I'm so excited for this year.  And nervous.  I'm waiting to find my pastoral identity...something I've heard seminary peers talk about.  I wonder if it really exists.  Will I always be trying to find this balance (if it's a balance...maybe more of a marriage?) between the real me and the pastor me?  It is a humbling thing and such an honor to be welcomed immediately into people's lives in the role of their pastor.  How could it be that I would ever assume such a role?  I don't think it's something I assume on my own by any means; I believe it is something given/received.  But why would someone choose to call me pastor?  I'm just me...I'm no one special.  I don't feel like I am any more special or any different to have this title placed upon me.  So what do I do as someone who doesn't feel like as pastor and is supposed to be one?  Granted I'm an intern, but the congregation has been trained (via previous interns) to call the intern simply "pastor". I think it's a good thing for me to experience that...especially if that's what people will call me someday should I have the privilege of being ordained to serve people through the word and sacraments...but it feels daunting when I think about it, and when I think about how much I don't feel like a pastor.

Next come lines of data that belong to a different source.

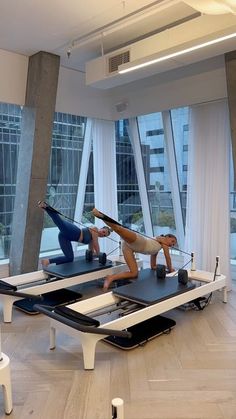 two people are doing pivots on the floor in front of large glass windows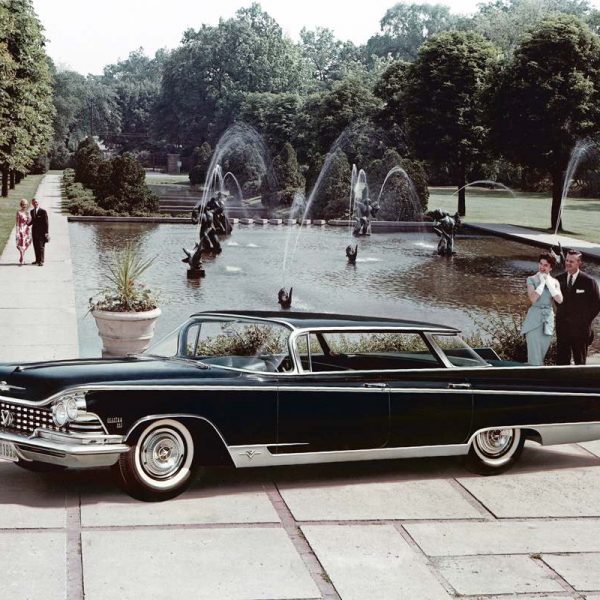 two couples stand next to 1959 Buick Electra 225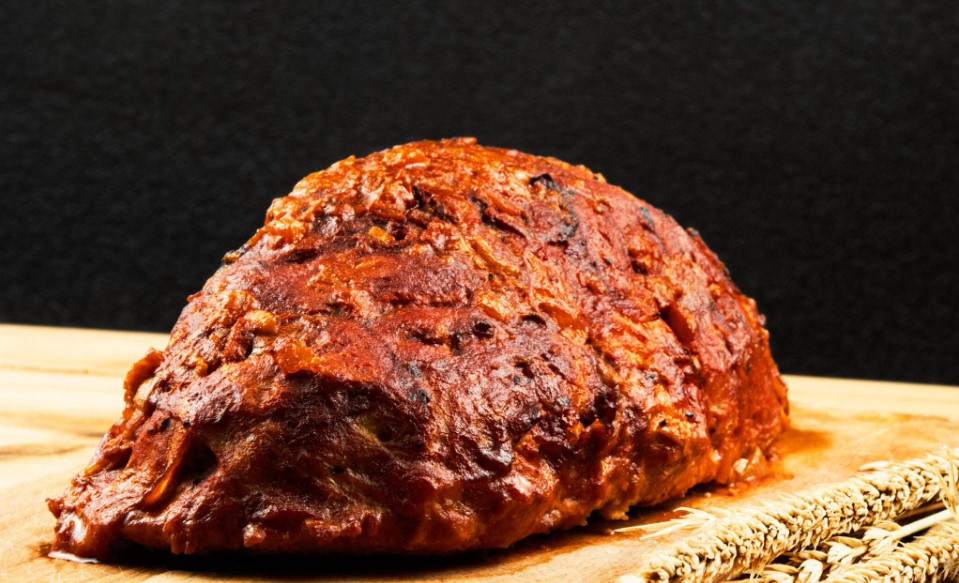 https://www.istockphoto.com/photo/classic-meatloaf-on-a-cutting-board-on-a-wooden-background-in-the-background-are-red-gm1259206063-369051176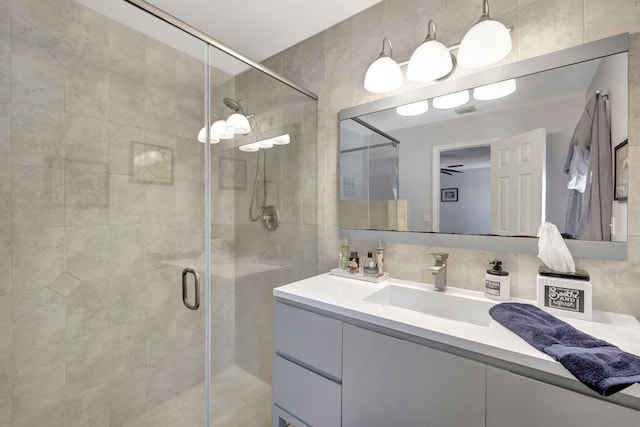 bathroom with ceiling fan, visible vents, a shower stall, and vanity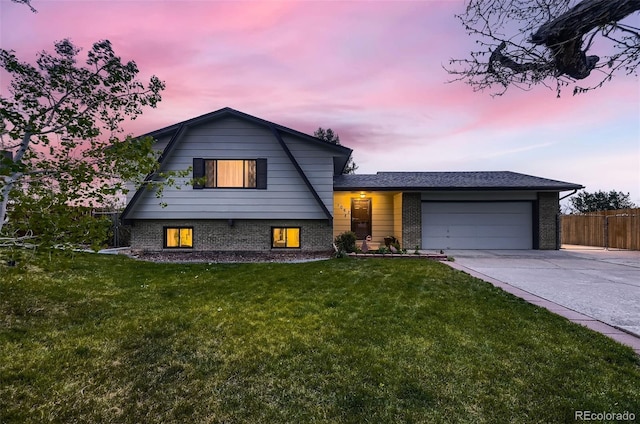 tri-level home featuring a lawn, brick siding, an attached garage, and driveway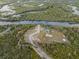 Overhead view of Florida riverfront acreage featuring dock, picnic area, and surrounding greenery at 1126 Oxbow Rd, Wimauma, FL 33598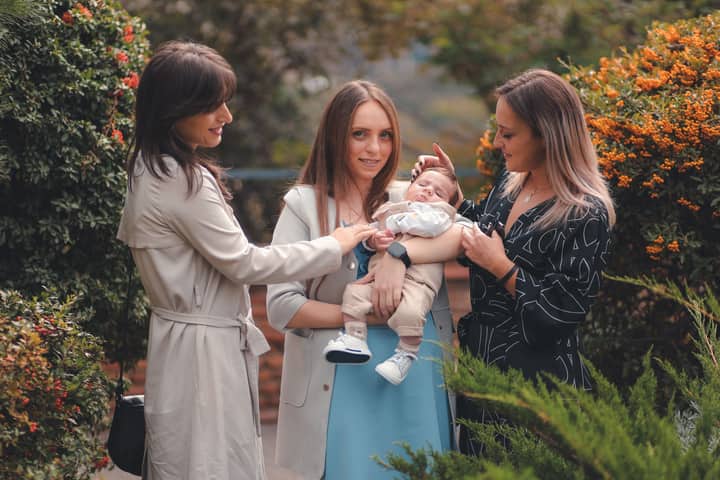 Three women joyfully admiring a newborn in a lush garden. A harmonious blend of nature and family bonding.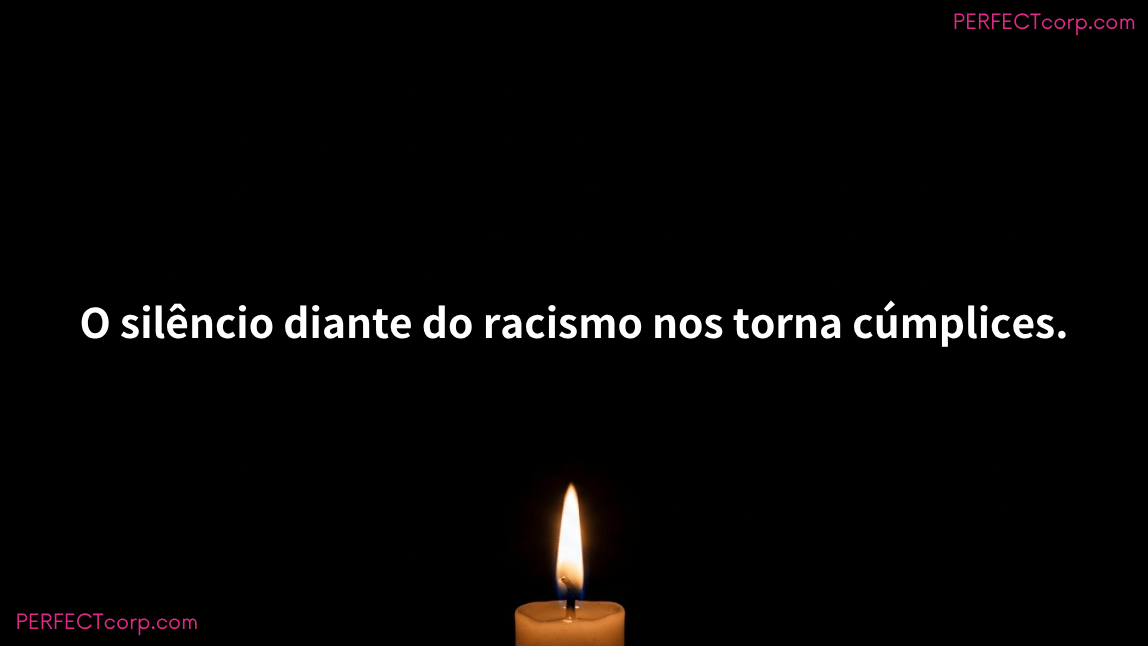 Uma vela acesa em fundo escuro, simbolizando esperança e memória, com a frase antirracista: "O silêncio diante do racismo nos torna cúmplices", para reflexão no Dia da Consciência Negra.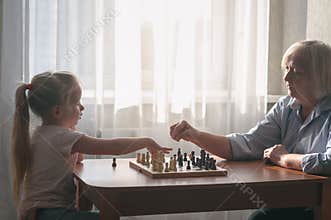 Senior teaches a child to play chess. People are sitting at a table by the window. On the table a chessboard with pieces.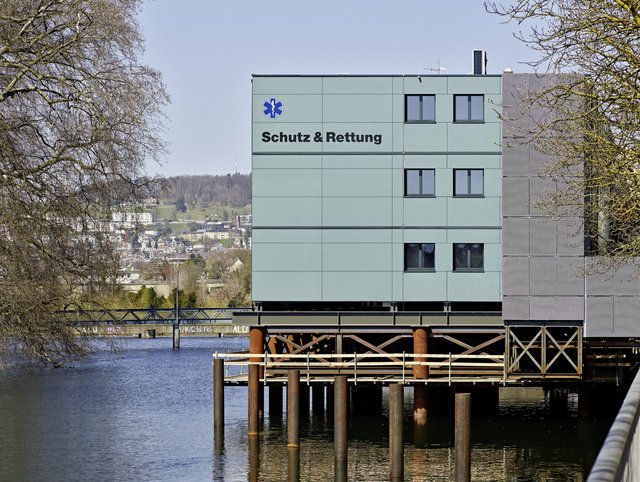 Limmatprovisorium, Zürich - Seitenansicht eines zweigeschossigen Holzmodulbaus auf einer Stahlbau Pfählung über dem Limmat Fluss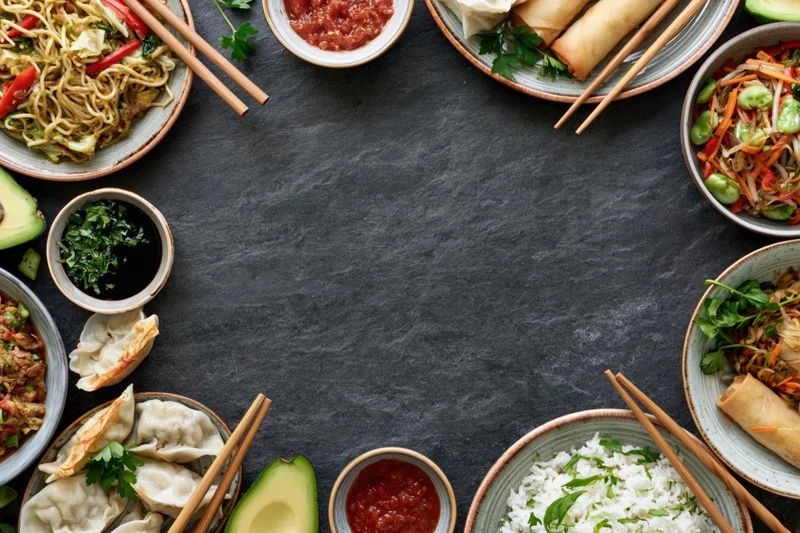 Assorted asian dishes arranged in a circular flat lay on dark slate surface with central copyspace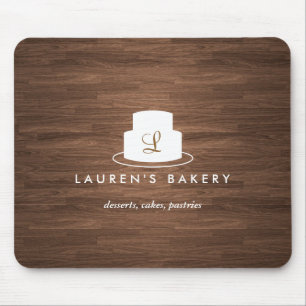 Cake Monogram Logo in White on Brown Woodgrain Mouse Pad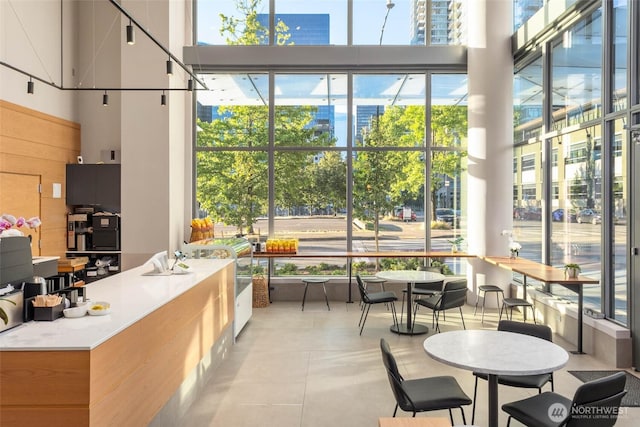 2510 6th Ave Unit 2809, Seattle, WA 98121 - dining area featuring a towering ceiling and light tile patterned floors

I ordered my first round of clergy shirts this morning.  I am hopeful that seeing the collar on my frame might help my self-perception.  It's always fun to order new things, but I wonder how it will be to try them on for the first time and see myself in a collar.  And then wear one around people in my congregation.  And then in public.  I'm sure it will be an adjustment.

I hope to have some sense of being a pastor after this year of internship...seems like that should be the point of this year away from academia.  I am so thankful for that separation, and it is so good to be back in Colorado.  Mostly I'm excited for what lies ahead.

God, grant me the serenity to accept the things I cannot change, courage to change the things I can, and the wisdom to know the difference.